I want to dedicate my life to make ME happy. Yes, I’m selfish like that. But I happen to think that without that, there’s no way I can make anyone else happy. I also happen to believe that no one should wait for someone else to make them happy.
My mother often reminds me how selfishly I have chosen to live my life. “You don’t have to care for anyone but you,” she reproaches. She sees failure where I see success. Caring about myself is already a full time job and I’m glad I’m being productive on the matter and not adding someone else’s happiness to my to-do list!
I was doing a bit of research on wedding vows to understand what commitment means to people when I found this nugget:
I, <Groom’s name>, take thee, <Bride’s name>, to my wedded wife.Church of England
To have and to hold from this day forward; for better for worse,
for richer for poorer, in sickness and in health.
(Groom) To love and to cherish, till death us do part.
(Bride) To love, cherish, and obey, till death us do part.
According to God’s holy ordinance, and thereto I plight thee my troth.

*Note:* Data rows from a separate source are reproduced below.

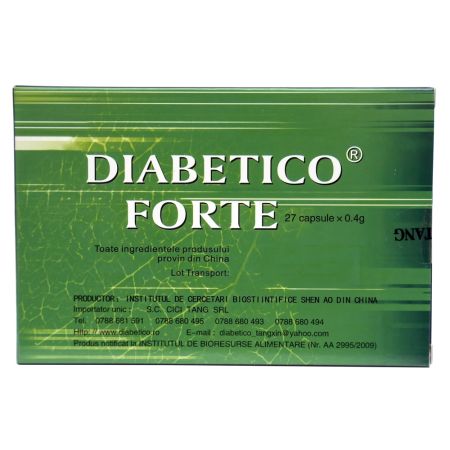 Diabetico Forte, 27 capsule, China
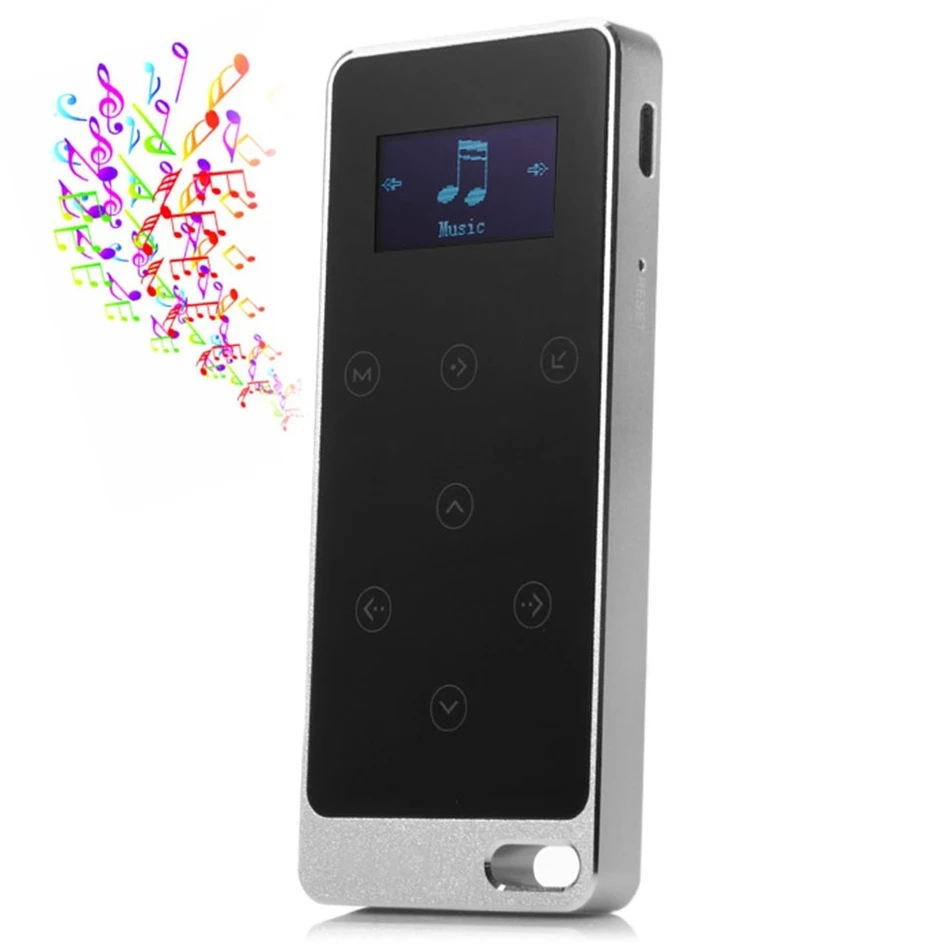 

ZEEPIN X05 8G Digital MP3 Player Touch Screen Music Player Pedometer FM Stereo Radio ACELP ACC-LC WAV FLAC APE OGG
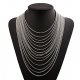 Layered necklace steel fashion jewelry necklace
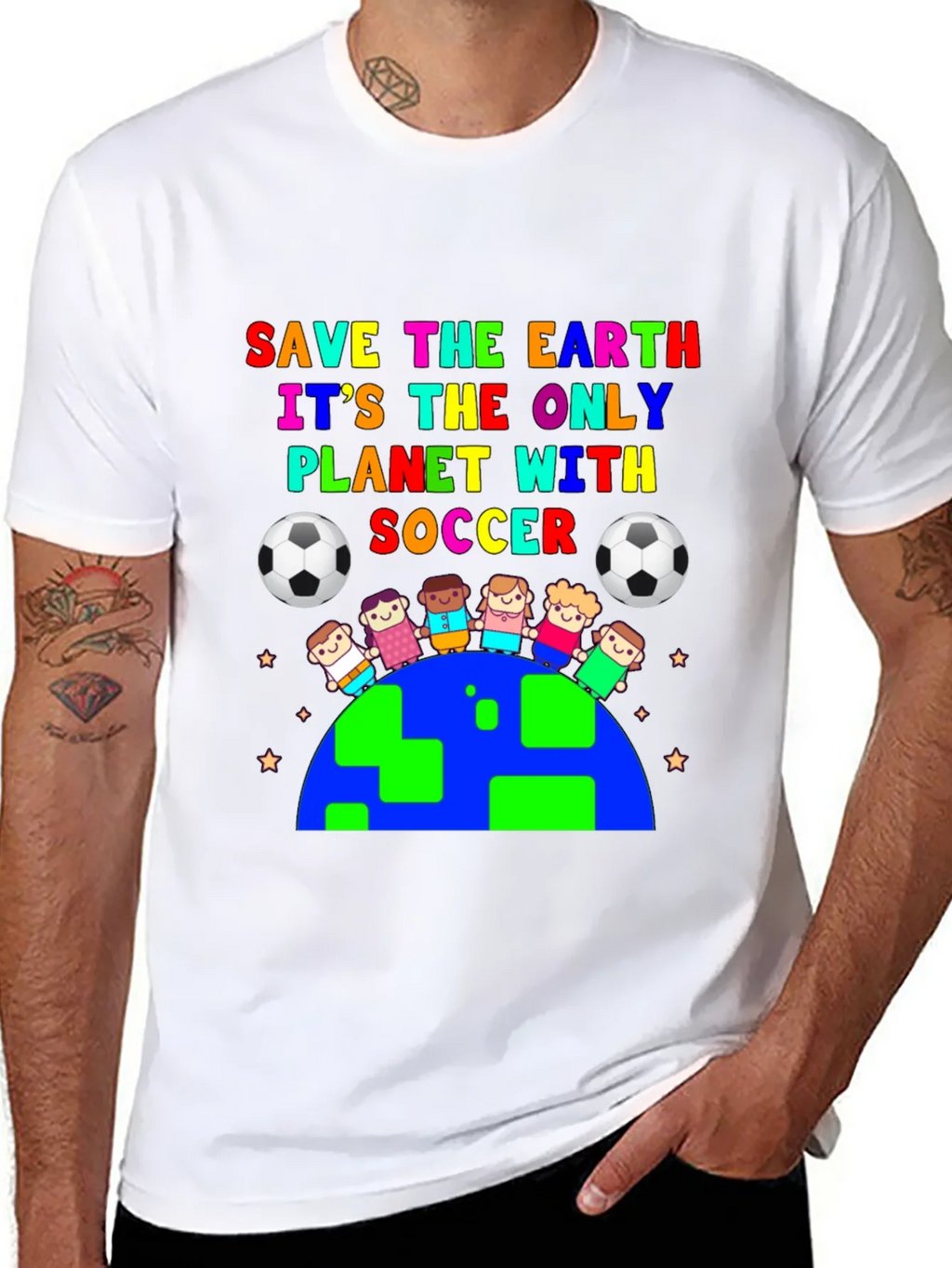 Save the Earth Soccer Graphic Tee product image 7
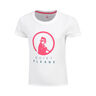 Create Baseline Logo T-shirt Flickor-Vit,Pink
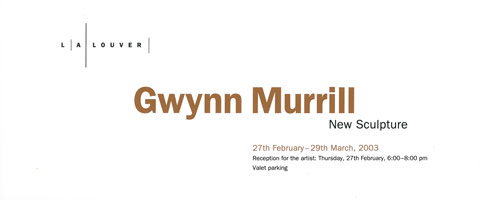 Gwynn Murrill announcement, 2003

Check out the part I bolded… nothing seems inadequate to you? Somehow, historically, the expected commitment to a significant other is not a very balanced one.
Thanks but… no thanks.
Now, does that mean I’m a commitment-phobe who’s already wondering how she’s going to get out of her most recent burgeoning relationship? Not so fast.
Refusing to commit to a person does not mean I won’t commit to make a relationship work. But there, my commitment goes to this thing we’re starting together. Commitment is a contract we agree on, a structure we’re building upon.
Turns out, the objective of that type of commitment is more freedom. And we’re coming full-circle here. A relationship-centric commitment is untying: it’s you and him / her / them [pick your favorite option here], outside of what people, culture and society impose that your relationship should look like.
For as long as you both should… choose.